Creating Environment for Scraping - TBDM/ju GitHub Wiki

Updated: Mar. 26th, 2017

Fetch Workflow

tbdmfetcher.py

Fetch new items appeared on https://ju.taobao.com/tg/forecast.htm and initiate corresponding task info into Redis(the MQ) and MongoDB(the DB). Fetcher uses urllib.request to request static webpages.

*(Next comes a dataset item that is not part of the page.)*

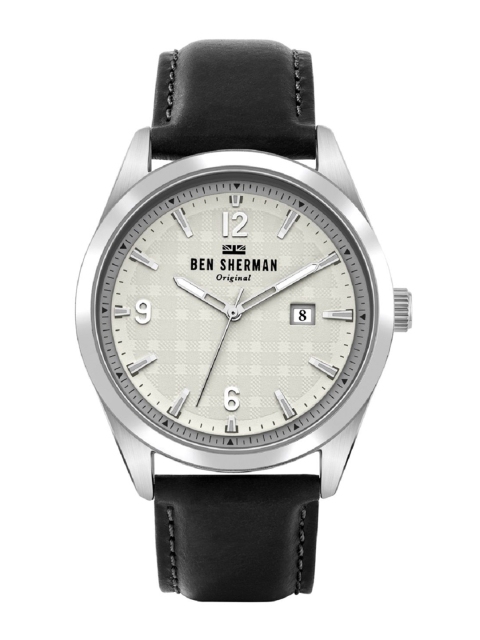 

BEN SHERMAN Men Silver-Toned & Black Analogue Watch WB040B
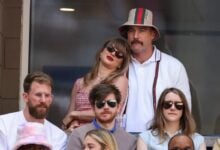 Travis Kelce caught watching game during US Open match with Swift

After each work fetcher suspends for 300 secs.

tbdmscraper.py

The dynamic page scraping worker with no class wrapping.

tbdmPipeline.py

The storyboard.

Task List Formatting

String Format on Redis:

score(nextReqTime) juID/itemID/score/status/urlType/fail

JSON Format on Python Runtime:

  {
  'juID' : str(task[0]),
  'itemID' : str(task[1]),
  'score' : int(task[2]),
  'status' : int(task[3]),
  'urlType' : int(task[4]),
  'fail' : int(task[5])
}

Dependencies

CORE: (*optional item)

pyenv

Python 3.6.0 with pip (See Common Build Problems for build requirements)

pip - slacker (0.9.30)

pip - pymongo 3.4.0

pip - redis 2.10.5

pip - selenium (3.3.1)

pip - pyvirtualdisplay (0.2.1)

Xvfb

Firefox

MongoDB Instance

Redis Instance

geckodriver (mv to /usr/bin)

*PhantomJS [deprecated]

*pip - requests (2.12.4)

Parsing:

*pip - beautifulsoup4 (4.5.3)

*pip - lxml (3.7.3)

Operating:

Slack (Android/iOS/PC/Mac/Linux/Web)

Studio 3T (PC/Mac/Linux)

Medis (Mac, Archlinux) / RDM (Linux/Windows/Mac)

*FTP Tools

*SSH tools